Prince Edward: 'a bit excited'

She said: “I think Prince Edward was a bit excited. Kids don’t want to die or put themselves in harm’s way.

“I think it’s a pretty excessive comment. No child wants that type of risk.”

David Iredale’s mother, Mary Anne, declined to comment on the prince’s views when the newspaper contacted her, but said the award scheme had serious shortcomings.

She said: “I don’t think it’s regulated well enough in Australia.”

The DofE Award was founded by Prince Edward’s father Prince Phillip, himself no stranger to controversy. The Duke of Edinburgh remains patron of the award, while Edward is a trustee.

It operates in countries across the world. At present 635,000 participants are doing DofE programmes.

A spokesperson for the award said: “The Duke of Edinburgh’s Award has an exemplary safety record and has no record of a death of a DofE participant in the UK as a direct result of their DofE expedition in over 40 years. Over 182,000 participants in the UK do an expedition each year.

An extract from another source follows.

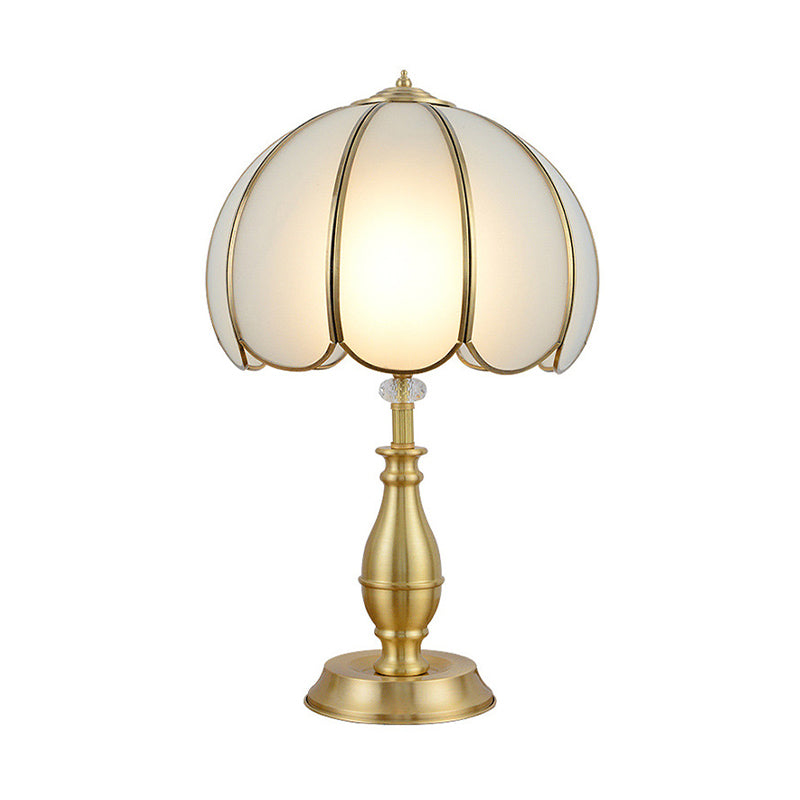 Scalloped Cream Glass Nightstand Lighting Farmhouse Vintage 1-Head Bedside Table Light in Gold Clearhalo 'Lamps' 'Table Lamps' Lighting' 1476259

“The unfortunate death of a young man in the early years of the development of the DofE, which started in 1956, prompted the creation of an expedition advisory panel and a comprehensive training framework.

“The DofE expedition advisory panel, made up of expedition experts from across the UK, continues to monitor the DofE’s rules and requirements to ensure that the health and safety of young people doing a DofE expedition is paramount. This in turn ensures a safe, yet inspiring, experience for young people.

“All young people are required to undertake training according to the DofE’s expedition training framework covering all aspects relating to an expedition, including, navigation, risk management, camp craft, first aid, safety and emergency procedures.

“They must also undertake as many practice expeditions as deemed necessary by a qualified supervisor before undertaking their final qualifying expedition. Since 1956 over 4 million young people have successfully completed DofE expeditions in the UK.”

The expedition section of the award is just one of four participants have to undertake, others being a physical activity, a skills programme and a volunteering period. Gold candidates also have to undertake a five-day residential activity.